The Glory Of The Morning

Title:     The Glory Of The Morning
Author: Morley Roberts [More Titles by Roberts]

According to his temperament a man's memory of travel and the strange wild places of the earth deals chiefly with one set of reminiscences or with another. For me the remembered mornings of the wide and lonely world, whether in the bush, or on the prairie, or the veldt, or at sea, are my chiefest delight. For in them, as in the morning even now, is something especial and peculiar which recalls and recreates youth: which breaks up the dead customs of to-day, and sends one back again to the swift, sweet hours of experiment and change. Assuredly the nights had their charm, whether they were spent by some great camp-fire on the winding Lachlan, in the darkness of a pine forest in British Columbia, or on the fo'c'sle-head of a ship upon the sea; and yet the night was the night, the prelude to sleep, and not to activity, the chief joy of man.

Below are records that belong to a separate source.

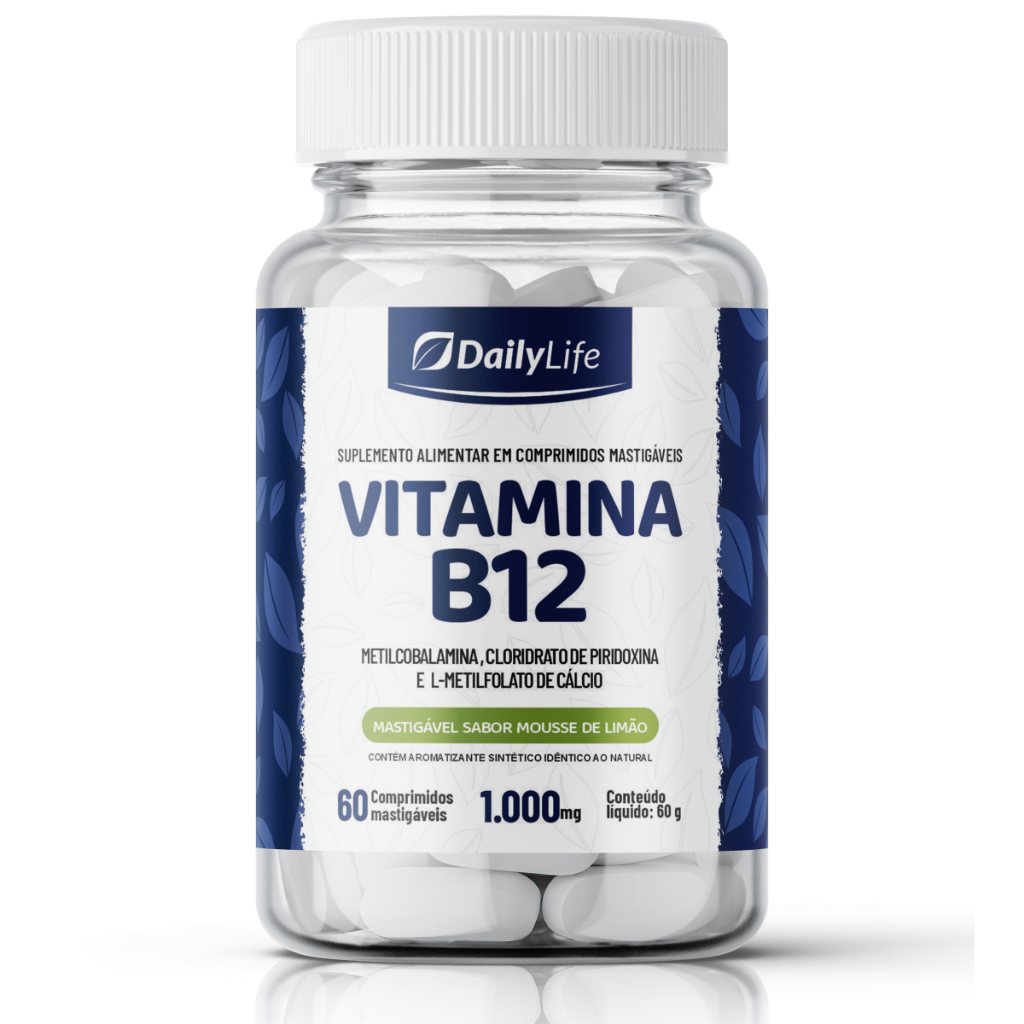 Vitamina B12 60 comprimidos Mastigável Energia e Bem-estar Sabor Mousse de Limão Daily Life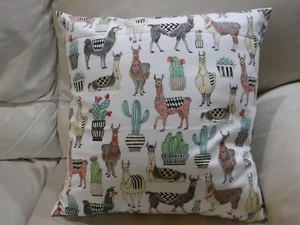 18 x 18 Beautiful Lovely Llamas and Cactus Pillow Cover Only Hand Crafted - Picture 1 of 1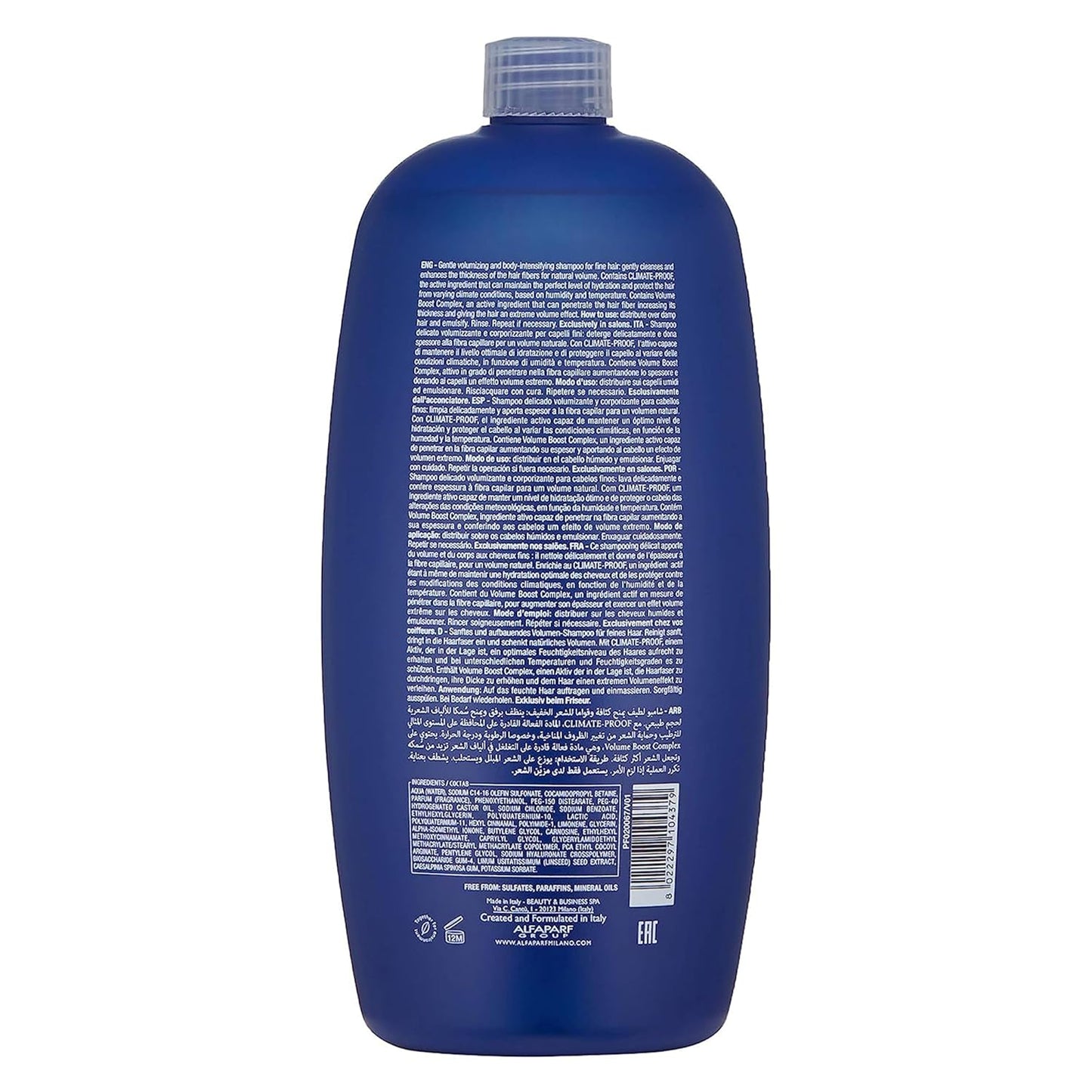 Alfaparf Milano Semi Di Lino Volume Shampoo For Fine Hair – Sulfate Free Volumizing Low Shampoo - Adds Intense Volume, Thickness and Body - Anti-Frizz - Professional Salon Quality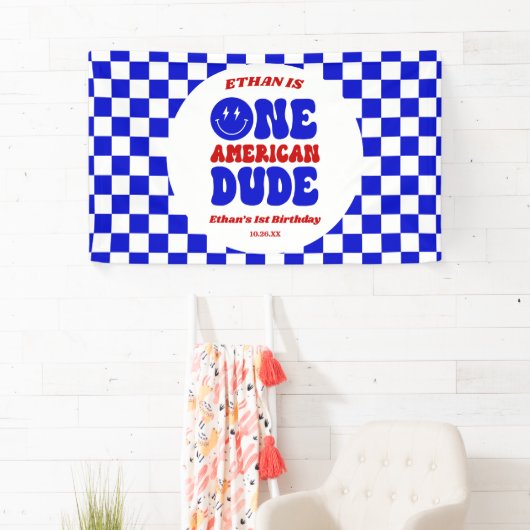 One American Dude 4 juli 1 Verjaardagsfeestje Spandoek (Insitu)
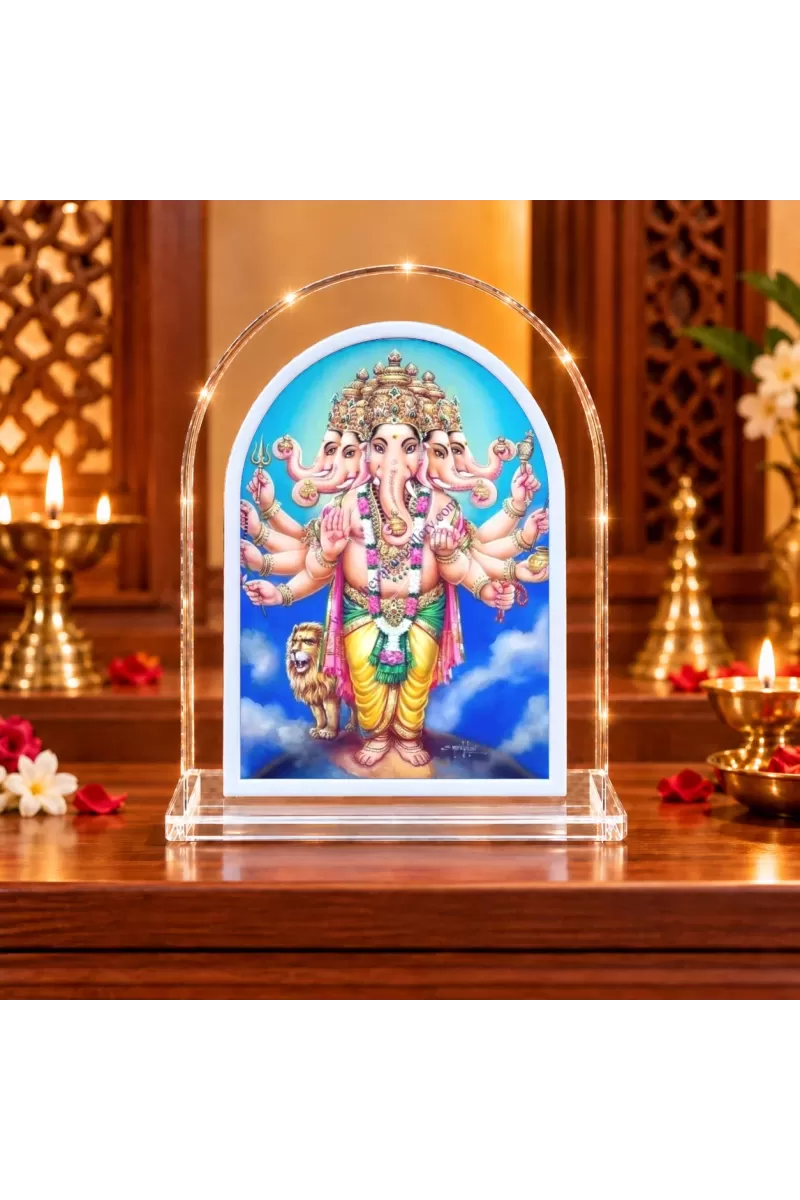 Lord Ganesha L Shape Acrylic Showpiece 3 X 3.5 Inch For Home, Office And Car (F176592)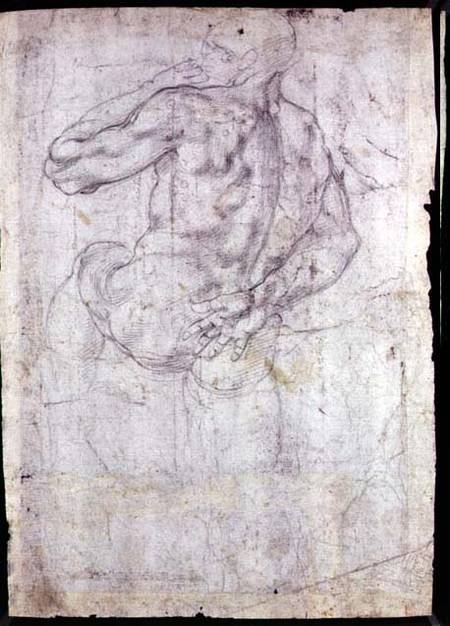 Drawing of a male standing figure (chalk on paper) od Michelangelo (Buonarroti)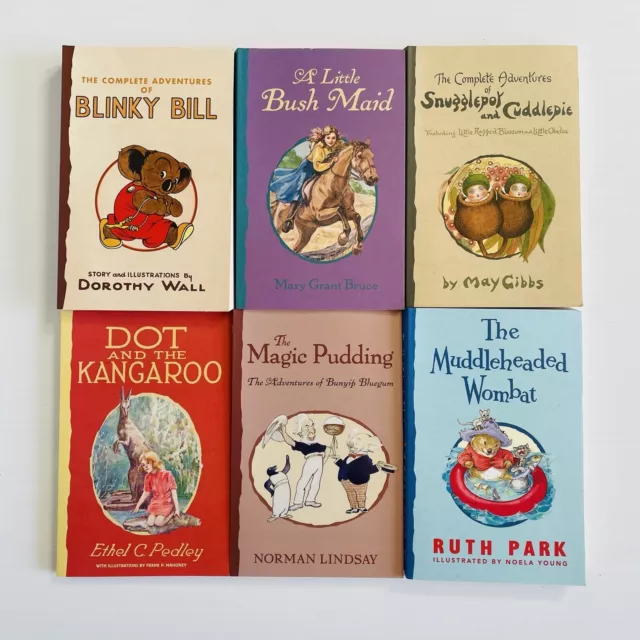 6 x Australian Children's Classics Paperback Book Little Bush Maid/Magic Pudding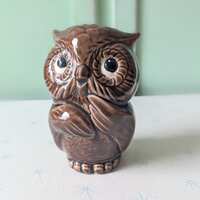 1970s Retro Ceramic Owl Figurine: Kitsch Home Decor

I can recall how a morning broke for me once which was the morning of a kind of freedom almost appalling to the child of cities. This was the morning of youth, or rather of earliest manhood, when I was timid and yet unafraid, curious, and, after a manner, innocent, when I had slept by my first camp-fire, on the Bull Plains of Australia's Riverina. And yet I can remember nothing of those hours clearly. Rather is there in my mind as typical of the Australian dawn such hours as those I spent away beyond the Murray, the Murrumbidgee and the Lachlan, on a station on the banks of the Willandra Billabong. It was early summer and shearing time for a hundred thousand sheep, whose fleeces were destined for Lyons and the North of England. I had dropped off a wearied horse close upon midnight, and yet by half-past three I was up once more. I stumbled sleepily in the starry darkness to the mare that was kept up, one Beeswing by name, a mare so swift and keen for a little while that to ride her was a delight. She whinnied and muzzled me all over as I put the saddle on her and drew the girths tight. Then I swung across her, and for some minutes she went gingerly, for she was unsound and wanted warming for the hot task before her. Yet it was her only work in the long day and she delighted in it even as I did. We picked our way across the shadows of big salt-bush and the rounded humps of cotton-bush, then brown and leafless, to the paddock, a mile square, where the other horses were at pasture, and as I rode sleep dropped away from me and my eyes opened and my lips grew moist as I sucked in the air of dawn. In the east the pale ghost of the day's forerunner stood waiting. The wind in that hot season came from the north; it had no intoxicating quality save that of comparative coolness after the furnace of yesterday. Yet how sweet it was, when I remembered the burning noon, the hot labours of the stock-yard and its dust as the ten thousand of that day's driving entered reluctantly. And in the darkness the plain stretched before me without a break for a thousand miles save for the Barrier Ranges. With no map on the whole station I knew not even of them, and as far as eye could reach not a rolling sand-dune marred the calm oceanic level of that brown sea of land.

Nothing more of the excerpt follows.